▶ **Work item**
Retype, without changes or pictures, only the lines that begin at the one containing "package design mockup for labeling wine" and end at the last line of the records that follow.

[[ Data shown open ]]

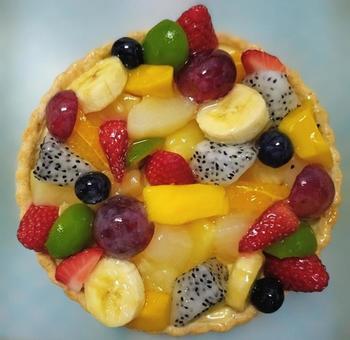 フルーツタルトケーキ フルーツタルトケーキの写真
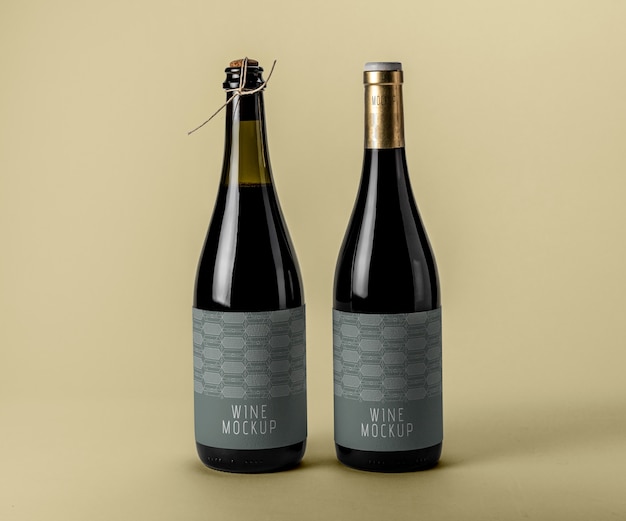 package design mockup for labeling wine
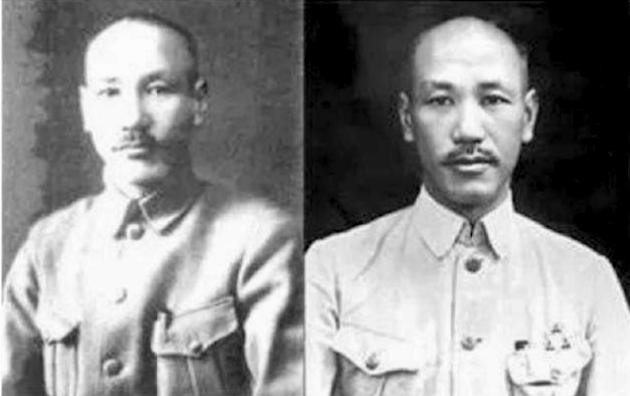 老照片，记录历史瞬间一个是老蒋，一个是替身，你能分辩真假吗！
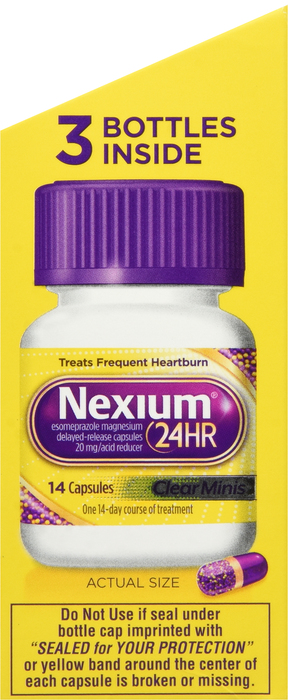 NEXIUM 24HR OTC 20MG MINI CAPSULE 42CT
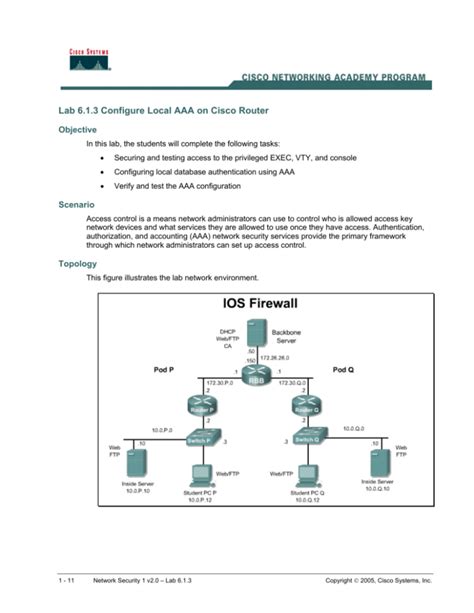 Configure Local AAA On Cisco Router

[[ Data shown closed ]]

▶ **Response area**
 package design mockup for labeling wine
 老照片，记录历史瞬间一个是老蒋，一个是替身，你能分辩真假吗！
 NEXIUM 24HR OTC 20MG MINI CAPSULE 42CT
 Configure Local AAA On Cisco Router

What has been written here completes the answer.